- _Problem requirements_
Character for character, transcribe the entries below, minus the images.

- _Exercise input_
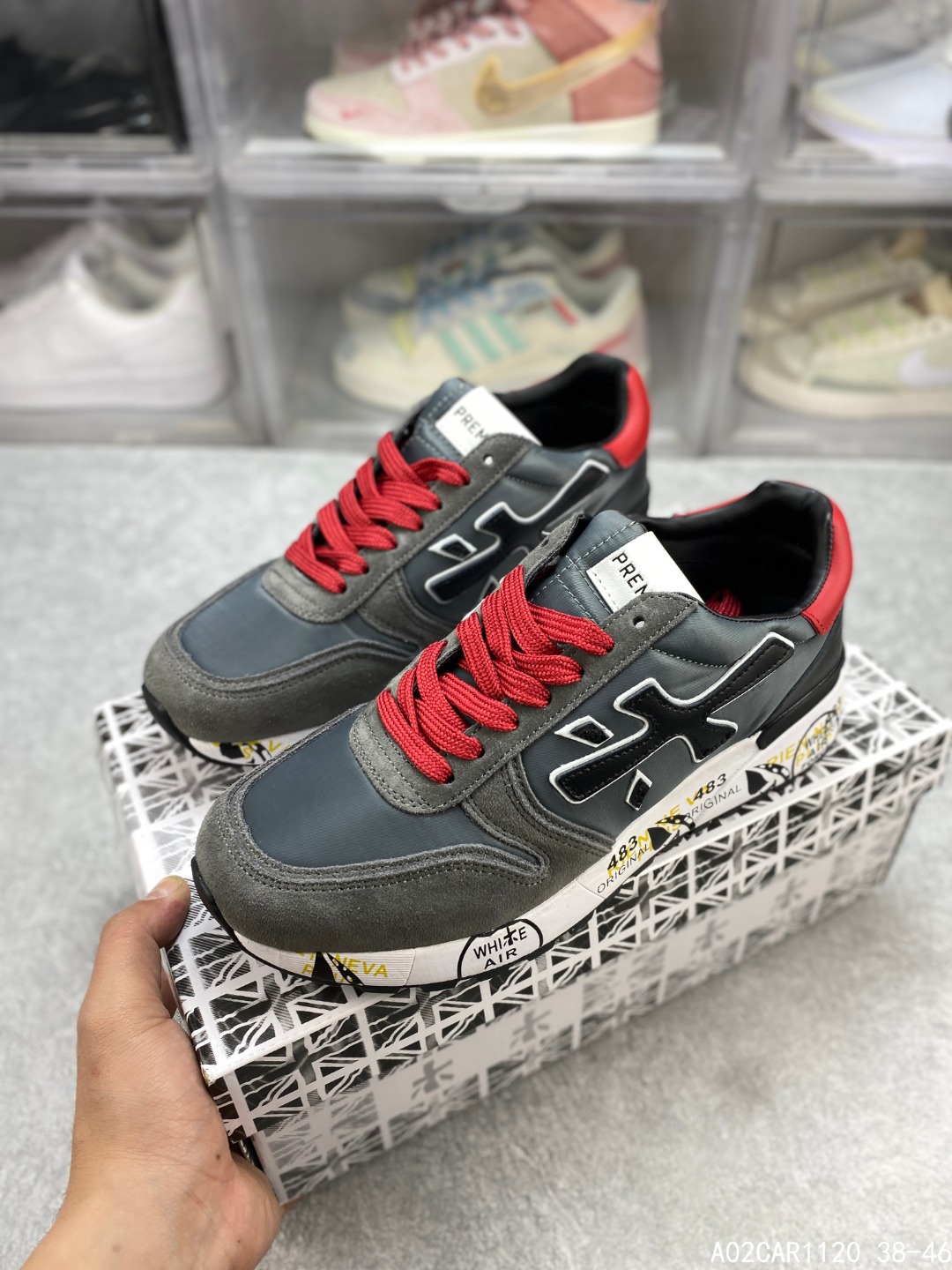 🈴️三 💰150
意大利鞋履品牌·普瑞米亚达
Premiata 低帮百搭休闲鞋
依据国际高标准制造 原单小白鞋
木字男鞋潮复古反绒皮运动休闲鞋木字鞋
鞋子简单大方 手感出众 舒适好穿又百搭
鞋子整体的外观颜值高 鞋面采用的是两种不同的材质面料拼接
鞋底侧边印了很多复古潮流印刷
是比较有个性特色的一款
鞋面材质是采用的牛反绒+牛津布+头层牛皮制作而成
鞋底材质是天然橡胶 大花纹设计防滑减震又耐磨 它的鞋垫都是头层猪皮
普瑞米亚达复古运动鞋真的又好看又好穿 很好搭配衣服
#A02CAR1120 38-46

- _Response below_
 🈴️三 💰150
意大利鞋履品牌·普瑞米亚达
Premiata 低帮百搭休闲鞋
依据国际高标准制造 原单小白鞋
木字男鞋潮复古反绒皮运动休闲鞋木字鞋
鞋子简单大方 手感出众 舒适好穿又百搭
鞋子整体的外观颜值高 鞋面采用的是两种不同的材质面料拼接
鞋底侧边印了很多复古潮流印刷
是比较有个性特色的一款
鞋面材质是采用的牛反绒+牛津布+头层牛皮制作而成
鞋底材质是天然橡胶 大花纹设计防滑减震又耐磨 它的鞋垫都是头层猪皮
普瑞米亚达复古运动鞋真的又好看又好穿 很好搭配衣服
#A02CAR1120 38-46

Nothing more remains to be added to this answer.